Teodoro no manifestó ninguna emoción. La información, sin embargo, era sorprendente; así que el aliado de File era uno de sus más antiguos soldados. ¿Le arrestaría sin dilación? Mejor sería no precipitarse y reflexionar sobre el mejor modo de utilizar la nueva arma que la providencia depositaba en sus manos.

—Debes acompañarme, Apolo…

—¿Yo? ¿Acompañarte? ¿Por qué?

—Porque eres cómplice de un crimen: callar sobre el destino de un desertor te condena a la pérdida de tus bienes.

—Es Mersis el que…

—Olvida ese nombre. No vuelvas a pronunciarlo jamás. Con una recomendación firmada por mí, te establecerás en el Fayún. Me ocuparé de la venta de tus tierras y te enviaré el producto.

—Yo he nacido aquí y…

—Si rechazas mi proposición, me obligarás a acusarte.

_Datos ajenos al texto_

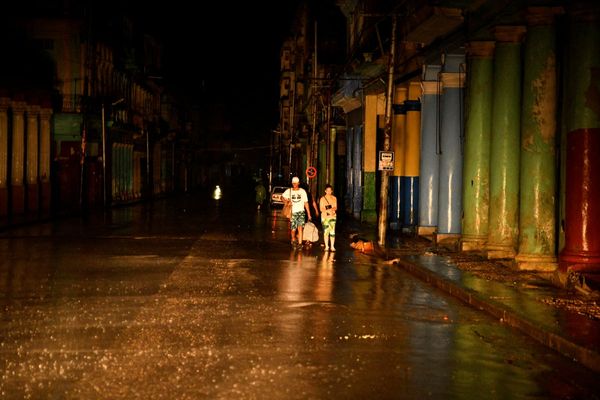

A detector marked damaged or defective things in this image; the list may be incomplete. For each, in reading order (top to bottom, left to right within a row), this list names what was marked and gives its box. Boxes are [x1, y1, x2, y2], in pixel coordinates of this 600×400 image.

peeling painted column [10, 98, 26, 214]
peeling painted column [390, 86, 408, 230]
peeling painted column [404, 80, 422, 231]
peeling painted column [420, 64, 442, 236]
peeling painted column [438, 54, 466, 245]
peeling painted column [462, 43, 494, 250]
peeling painted column [488, 27, 524, 260]
peeling painted column [516, 8, 564, 272]
peeling painted column [560, 3, 600, 272]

Vencido, Apolo bajó la cabeza.

—Confía en mí. Si guardas tu lengua, gozarás de una vejez feliz.

—¿Y Crestos?

—Olvídale también a él. A partir de hoy, ya no existe.

A la misma hora en que Apolo, con lágrimas en los ojos, abandonaba Elefantina con armas y equipaje, el prefecto dirigía una súplica al obispo. Medio borracho, Maximino rogaba a Teodoro que proclamara urbi et orbi que Isis se había convertido al cristianismo. Así, la joven escaparía a la excomunión. Arruinando su reputación, conseguirían hundir la comunidad pagana.

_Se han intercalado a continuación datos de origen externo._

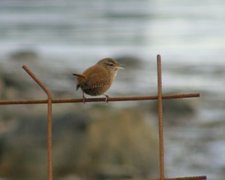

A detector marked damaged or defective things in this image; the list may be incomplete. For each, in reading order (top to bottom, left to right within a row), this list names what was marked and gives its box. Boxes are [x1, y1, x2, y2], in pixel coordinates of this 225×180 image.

corroded iron bar [22, 65, 53, 180]
rusty metal railing [0, 54, 206, 180]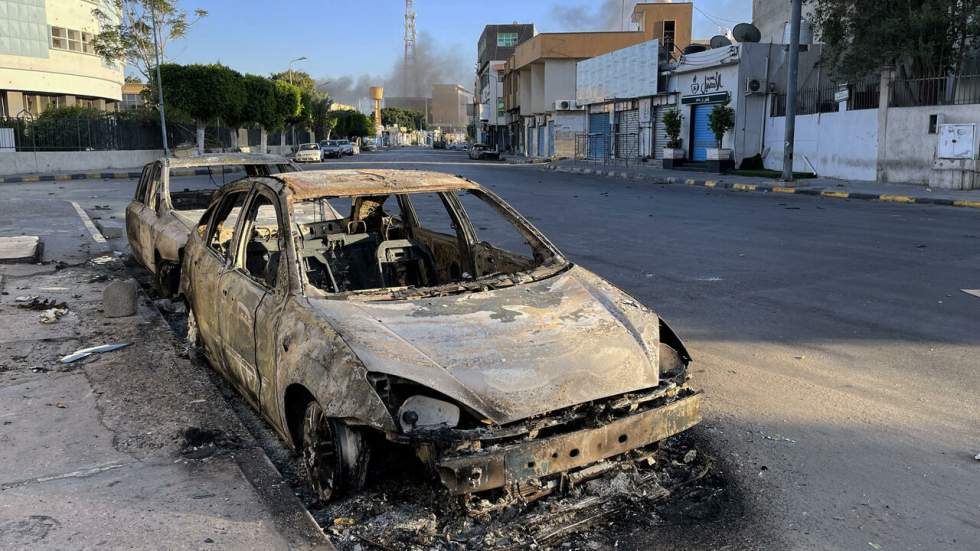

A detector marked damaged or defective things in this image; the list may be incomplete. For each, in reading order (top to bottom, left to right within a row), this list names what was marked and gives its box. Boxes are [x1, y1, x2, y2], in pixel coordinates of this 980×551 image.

Teodoro escuchó con paciencia la perorata del prefecto, pero se mostró inflexible. La fe no permitía favores de este tipo. Maximino continuó defendiendo su causa. Isis no era una mujer ordinaria; la Iglesia debía concederle este favor. Arriesgándose a un nuevo rechazo, ofreció al prelado una parte de su fortuna, pero Teodoro no cedió.

De vuelta a casa, el prefecto bebió vino y se tumbó en la cama; sobre el techo se dibujaba la imagen de Isis. Sus labios empezaron a moverse, le habló, pero él no le entendía. El prefecto se levantó, alargó los brazos, trató de abrazar a la mujer amada, pero cuando estaba a punto de tocarla desapareció.

—¡Isis! —gritó—. ¡No rechaces mi amor!